Software & Data Management
Data acquisition and reporting are governed by embedded firmware compliant with GLP documentation standards. The instrument stores ≥100,000 measurement records with full metadata: timestamp (date/time), operator ID, method name, electrode serial number, calibration status, ambient temperature, and diagnostic flags. Data export occurs via RS-232 or USB interface in three formats: Simple (raw values only), Standard (with method and electrode metadata), and GLP (including audit trail, calibration certificates, and electronic signatures). Integrated PC software enables direct import into Microsoft Excel, Word, or LIMS platforms using standardized .csv or .xlsx templates—eliminating manual transcription errors.
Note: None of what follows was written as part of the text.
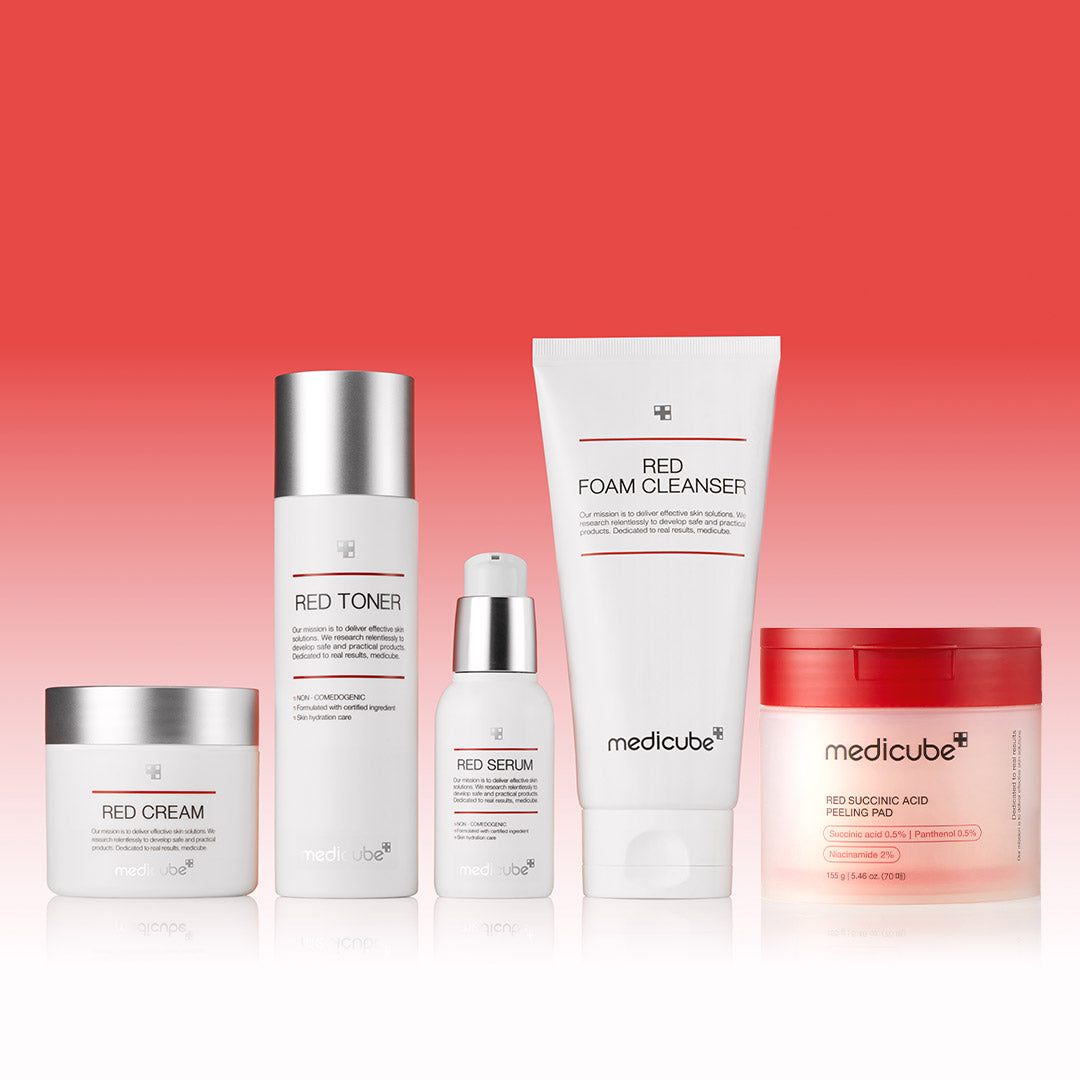 [GIFT] Red Line Full Set - Elevated Beauty Essential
All stored methods support version control, duplication, and role-based editing permissions.
Applications
- Real-time monitoring of demineralized water in high-pressure boiler feed circuits and steam condensate return lines
- Validation of reverse osmosis (RO) and electrodeionization (EDI) system performance in power plant make-up water treatment trains
- QC testing of ultrapure water used in turbine lube oil conditioning and hydrogen-cooled generator cooling loops
- Compliance verification for nuclear power plant secondary coolant chemistry per EPRI TR-102323 and IEEE 383
- Pharmaceutical facility water system qualification (IQ/OQ/PQ) under Annex 1 and EU GMP guidelines
- Research-grade characterization of ionic impurity profiles in semiconductor fabrication rinse water
FAQ
Does the DDS-609 support non-linear temperature compensation for ultrapure water?
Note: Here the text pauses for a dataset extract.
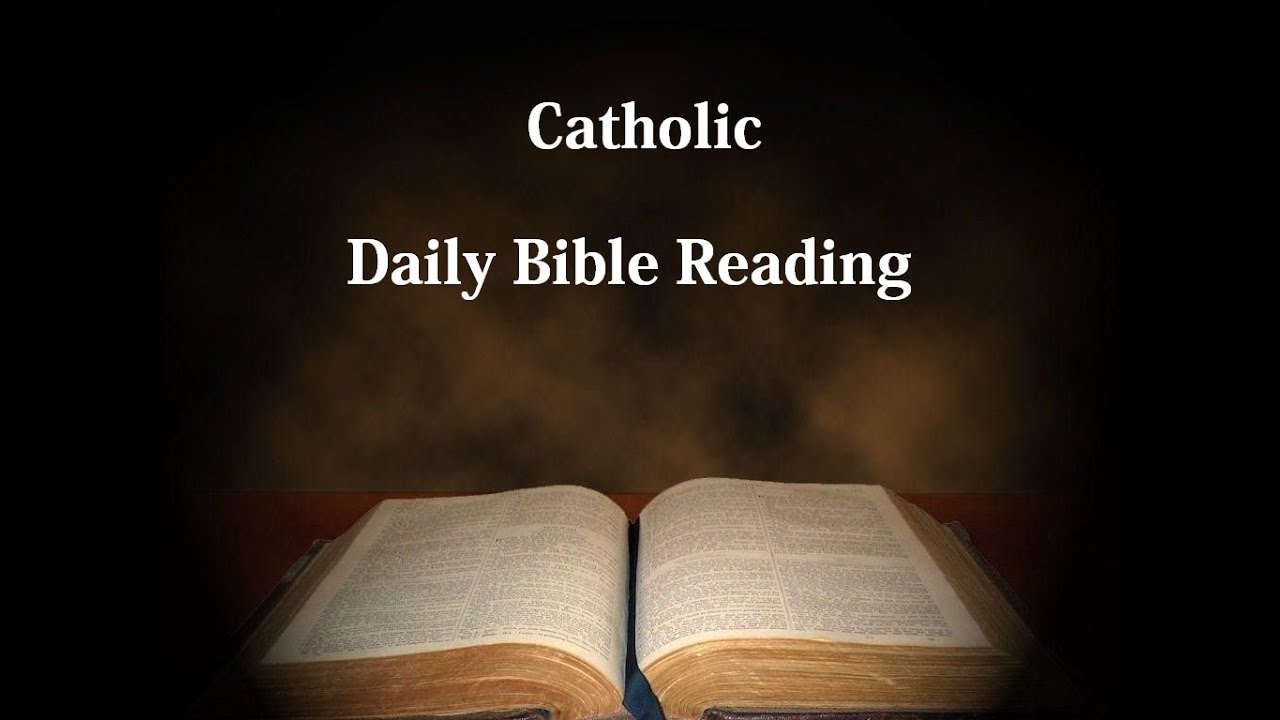 Catholic daily bible reading (30092020English) YouTube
Yes—it implements a piecewise polynomial algorithm aligned with the International Association for the Properties of Water and Steam (IAPWS) conductivity-temperature model, specifically optimized for resistivity measurements below 1 µS/cm.
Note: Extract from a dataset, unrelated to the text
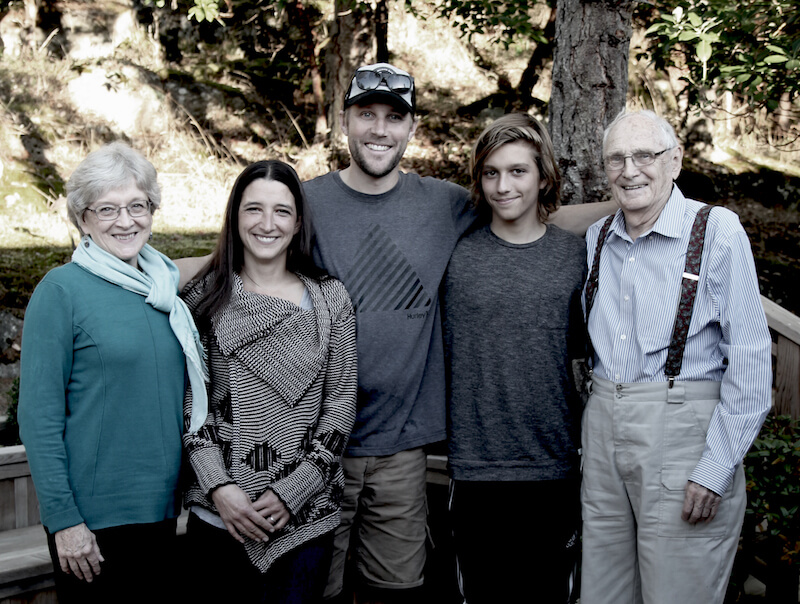 Woodward Family Pball Winners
Can calibration data be traced to national metrology institutes?
Calibration is performed using certified KCl reference solutions traceable to NIST SRM 3880 or equivalent national standards; calibration certificates include uncertainty budgets per ISO/IEC 17025.
Is user permission management compatible with FDA 21 CFR Part 11?
Yes—role-based access control (RBAC), electronic signatures, and immutable audit trails meet Part 11 requirements for electronic records and signatures in regulated environments.
What electrode constants are supported, and how is cell constant verification performed?
Four fixed cell constants are supported (0.01, 0.1, 1.0, 10.0 cm⁻¹); cell constant is verified during calibration using at least four certified standard solutions spanning the operational range.
How does the instrument handle electrode drift in long-term unattended operation?
It performs automated self-diagnostic checks before each measurement cycle—including open-circuit detection, short-circuit validation, and impedance monitoring—and triggers visual/audible alerts when electrode performance deviates beyond ±2% of nominal constant.